Les Deux Vourey

Jusqu’à la fin du moyen-âge, le village de Vourey n’existait pas. Nous savons, par l’analyse des noms de lieux, qu’une grande ferme romaine existait à proximité du hameau actuel de Sanissard, ainsi qu’un temple dédié à Mercure. Bien abrité du nord, pourvu de sources et d’étangs, le lieu connut sans doute alors quelques habitations.

Longtemps le territoire actuel fut partagé entre les puissants seigneurs de Tullins, de Moirans et de Rives ainsi qu’avec les chevaliers du temple, qui devinrent ensuite les chevaliers de St Jean de Jérusalem. Ce n’est qu’en 1317 que ceux-ci cédèrent leur fief au seigneur de Tullins avec l’obligation d’y établir un bourg où les hommes des alentours devaient se rassembler. A partir de cette époque se développe un modeste peuplement épars, mais le territoire n’est pas reconnu comme une communauté à part entière. A l’image de la scission de l’Allemagne après la seconde guerre mondiale, le territoire de Vourey se trouvait partagé en deux communautés séparées par le Ri Dolon qui le traverse dans toute sa longueur : sur sa rive droite se trouvait Vourey de Tullins et sur sa rive gauche Vourey de Moirans. Cette situation déchirante pour les habitants générait bien des inconvénients. Pour les représenter et gérer notamment la répartition et la perception des impôts, il leur fallait élire non pas un consul mais deux et établir non pas un seul rôle mais deux. Dans le même temps, les communautés avaient chacune leur châtelain et leur greffier, qu’il fallait bien sûr rémunérer. De plus, l’impôt foncier de l’époque, la taille, outre son caractère inégalitaire et exorbitant parce qu’il était assis sur la qualité des personnes et non pas sur la valeur des terres, était calculé de manière différente pour les habitants de Vourey de Tullins et ceux de Vourey de Moirans.

Situation kafkaïenne, injustifiable, inextricable.

Cette situation générale à toute la province généra à partir de la seconde moitié du XVIe siècle un retentissant procès que l’on appela le procès des tailles. Il débuta à Vourey en 1542 et malgré des arrêts royaux de règlement en faveur du tiers état donnés en 1634 et 1639, la situation ne s’améliora guère parce que les nobles, qui avaient beaucoup à perdre dans cette affaire, multiplièrent les entraves et les procès pour ralentir l’application de cette importante et juste réforme et les communautés n’avaient guère les moyens de poursuivre indéfiniment ces longs et complexes procès. C’était toujours le tiers état qui assumait le plus lourd tribut fiscal. Pourtant les habitants tinrent bon et au prix d’immenses sacrifices continuèrent les procès durant tout le XVIIe siècle. Au début du XVIIIe siècle, le 27 mars 1709, après de nombreuses demandes sans cesse répétées, première conséquence heureuse de ce long procès des tailles, les communautés de Vourey de Tullins et de Vourey de Moirans obtinrent d’être réunies en une seule communauté sous le seul nom de Vourey. C’était l’acte de naissance du village et … enfin la réunification !
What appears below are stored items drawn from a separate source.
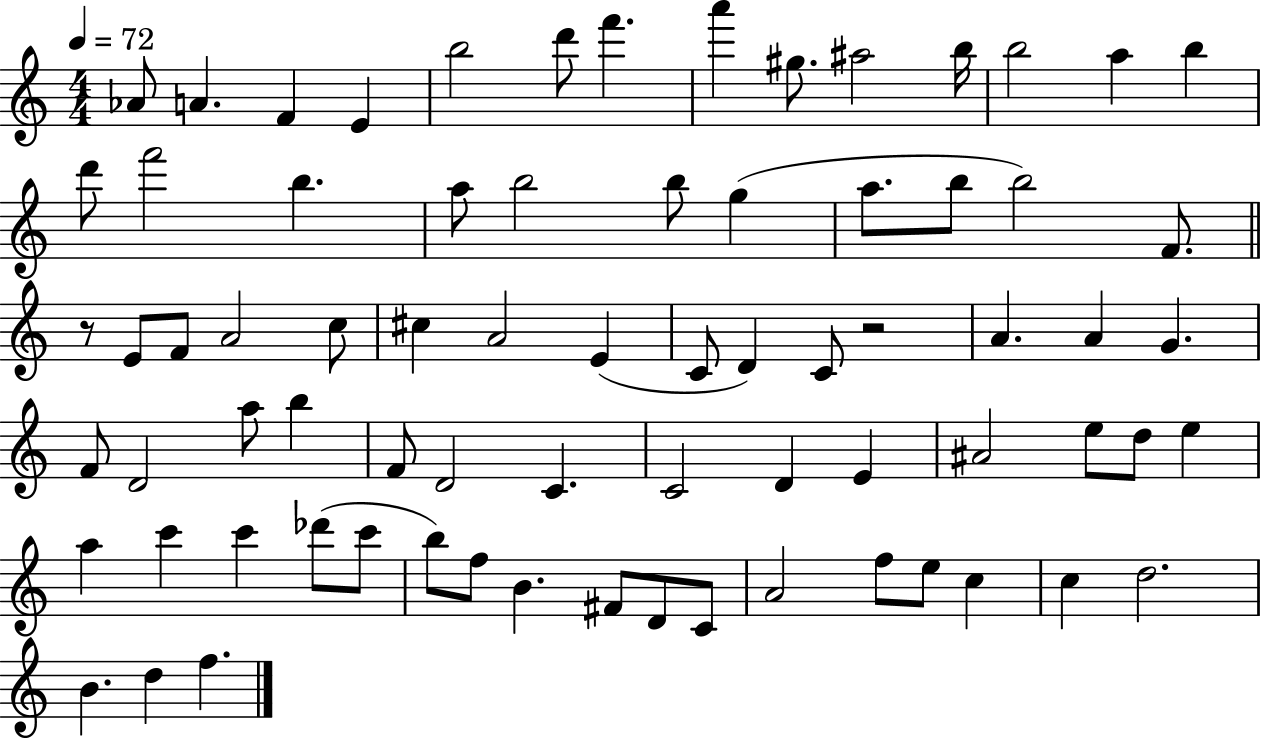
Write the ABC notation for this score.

X:1
T:Untitled
M:4/4
L:1/4
K:C
_A/2 A F E b2 d'/2 f' a' ^g/2 ^a2 b/4 b2 a b d'/2 f'2 b a/2 b2 b/2 g a/2 b/2 b2 F/2 z/2 E/2 F/2 A2 c/2 ^c A2 E C/2 D C/2 z2 A A G F/2 D2 a/2 b F/2 D2 C C2 D E ^A2 e/2 d/2 e a c' c' _d'/2 c'/2 b/2 f/2 B ^F/2 D/2 C/2 A2 f/2 e/2 c c d2 B d f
Cette belle victoire obtenue, le procès des tailles reprit.

Le 18 juillet 1709, la communauté assignait en paiement de leurs arriérés de taille Justine de Prunier de St André et Catherine Ferdinande de La Baume d’Hostun, veuves des seigneurs de Sassenage. Sans plus de succès.

Le scénario connu pour le XVIIe siècle se reproduisit au cours du XVIIIe siècle. Les instances se succédèrent à l’encontre des nouveaux seigneurs avec les mêmes fortunes diverses pour l’un ou l’autre camp et sans que les arriérés de taille dus par les nobles fussent payés. Lorsqu’éclateront les événements révolutionnaires, la communauté sera toujours en procès contre ses seigneurs et l’on peut ainsi mieux mesurer la constance, la ténacité, l’opiniâtreté qu’il a fallu pour maintenir, malgré toutes les misères, malgré tous les drames, malgré toutes les catastrophes, pendant plus de deux siècles, la même demande pour obtenir justice, pour que Vourey devienne enfin VOUREY.

« Sur la requête présentée par les consuls, habitants et forains de la communauté de Vourey de Tulin et de celle de Vourey de Moirans tendantes à ce qu’en exécution de l’édit de la révision de la Province de Dauphiné du mois de juin 1706, lesdittes deux communautés soient et demeurent jointes à l’avenir et ne fassent qu’une seule et même communauté sous le nom seulement de Vourey. Nous, commissaires susdits, entérinant la requête desdits consuls, habitants et forains desdittes deux communautés de Vourey de Tulin et de Vourey de Moirans, avons homologué leur dit acte d’assemblée du vingt septième décembre dernier pour être exécuté suivant sa forme et teneur et, en conséquence, avons ordonné que lesdittes deux communautés seront et demeureront à l’avenir jointes et unies pour ne faire qu’une seule et même communauté sous le nom simplement de Vourey, et qu’il ne leur sera envoyé qu’un seul mandement ou lançon* pour n’être fait qu’un seul rolle pour chacune imposition ; Et notre présent jugement sera enregistré au greffe du bureau de l’élection de Romans et partout ou besoin sera. Fait à Grenoble le vingt septième mars mil sept cent neuf. »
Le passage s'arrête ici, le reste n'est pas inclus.